« July 2005 | Main | September 2005 »

30 August 2005

Rasiej, more than just the cool poster

Hplogohead Yet again with the politics.  Admittedly, the poster is the draw here, but one visit to the website finished the sale.  Andrew Rasiej, candidate for Public Advocate, has a fantastic, non-politico, background with a range from education to the New York Nightlife Association.  He has championed the use of technology in problem-solving and promises to continue to do so.
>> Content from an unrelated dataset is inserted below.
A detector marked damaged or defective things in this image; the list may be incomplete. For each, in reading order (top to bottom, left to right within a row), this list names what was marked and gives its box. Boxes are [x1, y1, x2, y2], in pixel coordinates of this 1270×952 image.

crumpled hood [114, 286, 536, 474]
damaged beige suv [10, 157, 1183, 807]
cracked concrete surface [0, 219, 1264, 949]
The amorphous Public Advocate position relies on the office-holder to make it their own.  It requires vision and perserverance; otherwise, the Public Advocate becomes a ping-pong ball on the table of local politics.  The current PA, Betsy Gotbaum, has worked on basic issues but has largely been the Invisible Woman for the past four years.  Her website touts some rather strong administrative accomplishments, but lacks any greater vision.  (And having a subheader "Betsy on Food Stamps" makes a mockery of whatever text may follow it.)

Rasiej calls out bigger issues, calling for city-wide wi-fi and (yes, it is a litmus test here) gay marriage.  With his connections to the Nightlife Association, again, it should be a great inaugaration party (to which we kindly accept our invitation if we're not busy with Brian Ellner's even more fabulous soiree).  Manhattan Offender, suddenly all political, endorses Andrew Rasiej for Public Advocate.
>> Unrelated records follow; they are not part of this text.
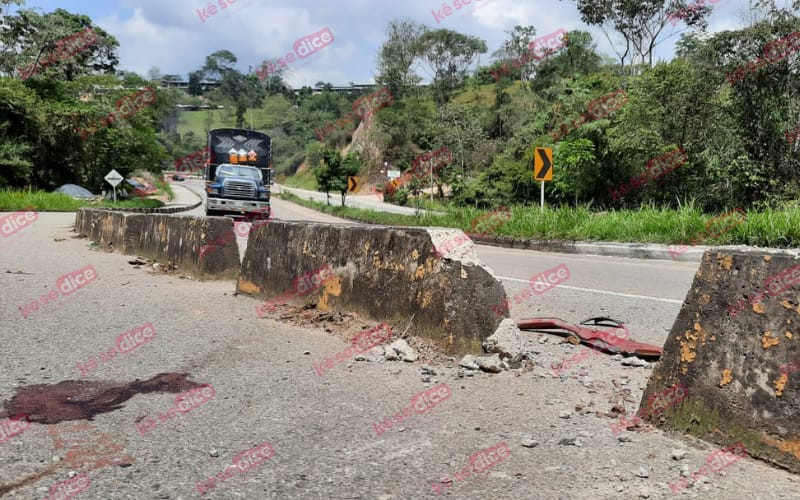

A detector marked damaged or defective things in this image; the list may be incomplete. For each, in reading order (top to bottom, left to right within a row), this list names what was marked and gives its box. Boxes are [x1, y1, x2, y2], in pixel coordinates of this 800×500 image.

rusty stain on concrete [760, 330, 780, 350]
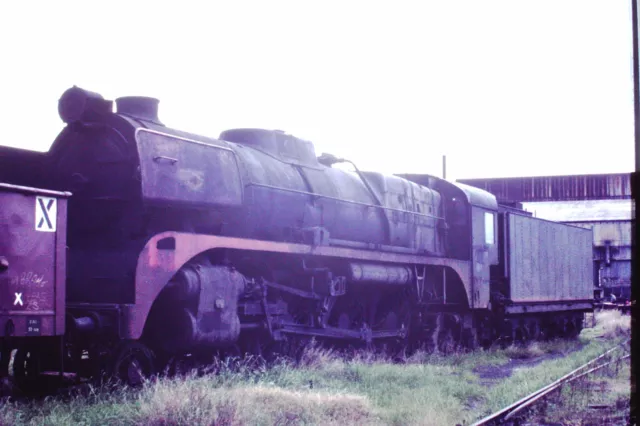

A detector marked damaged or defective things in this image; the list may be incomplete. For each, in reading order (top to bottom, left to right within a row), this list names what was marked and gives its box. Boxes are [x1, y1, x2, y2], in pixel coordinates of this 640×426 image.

rusty metal surface [458, 173, 632, 203]
rusty metal surface [524, 201, 632, 223]
rusty metal surface [0, 185, 68, 338]
rusty metal surface [126, 230, 476, 340]
rusty metal surface [508, 213, 592, 302]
Oh, and the poster really rocks. 

New Orleans Offender?

Ozsoudeccrowd The devastation of New Orleans is vast and likely complicated by the fact that so much of the city is so old that repair will be difficult.  Hopefully many of the old buildings of the French Quarter will survive intact.  The next big story will likely be the insurance battles ahead, as businesses and homeowners struggle to keep aloft before insurance payments are received.  As it is a marginally red state, surely the Bush administration will be sure that federal monies are received (unlike Manhattan after, well, you know). 
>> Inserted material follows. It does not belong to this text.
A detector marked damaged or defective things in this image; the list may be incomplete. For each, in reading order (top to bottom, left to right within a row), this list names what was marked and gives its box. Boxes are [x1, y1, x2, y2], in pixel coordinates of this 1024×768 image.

With all of the upcoming reconstruction and redevelopment coming, a dream scenario would be a large army of gay men taking over - a GayCorp.  Only the GayCorp could properly bring the city back to it's sexy/campy self in proper fashion and keep corporate 'entertainment' (i.e. TGI Fridays) at bay.  Having reestablished the city, the GayCorp could settle there, becoming a proper gay mecca.  The development money will be out there; it's time for the gays to seize the moment.  New Orleans, here we come.

29 August 2005

Camera karma, part four

Nextcover
So Next used some shots that the recently injured Offender-cam took at the High Life/Low Life party.  (Specifically this one taking up most of page six and this one on page eight.)  There was no photo credit though.  Thus this media whore is just a media slut, with no payoff.
Poo.

Camera karma, part three

Offendercam_1 Some people are just not meant to own a cute little digital camera.  Evidence Exhibits A and B.  Or perhaps digital cameras have an 'AA' circuit that punishes use of the camera while consuming alcohol.  Nevertheless, my camera is busted.  Again. 

After drinks at B Bar (can I please call it Bowery Bar?), the camera was needed to take a picture of Mister Offender being cute in the cab.  Apparently, my bony booty (it's actually quite lovely, if you like small butts) had applied too much pressure on the little Elph and the display screen just emitted a pink, white, and black (like the new M.O. color scheme!) conceptual art.  The photos still turn out fine, but the screen is jacked.

But maybe this is a turning point.  No, I won't be stopping the consumption of consumables anytime soon, but at least this time when I purchased the camera, I also bought into the 'service plan' scheme.

And there might be more good karma coming, but I need to find a Next to know for sure.  If the karma turns out all bad, I'll be soon purchasing a huge retro-Polaroid, certain not to break under my awesome ass.

Props to Brian Ellner

Video2 A big "You go girl!" to Manhattan Borough President candidate Brian Ellner.  The New York Times reports that Ellner not only included, but mentions by name his partner, Simon Holloway,  in a television campaign spot.  While Ellner stands to the left of the Offender on a few things, the fact that he starts the ad with Bush's head on a bare male torso, stating, "the Emporer has no clothes" is spot on.  Manhattan shouldn't have to cower to puerile, self-righteous red staters who take no pause in putting us down. 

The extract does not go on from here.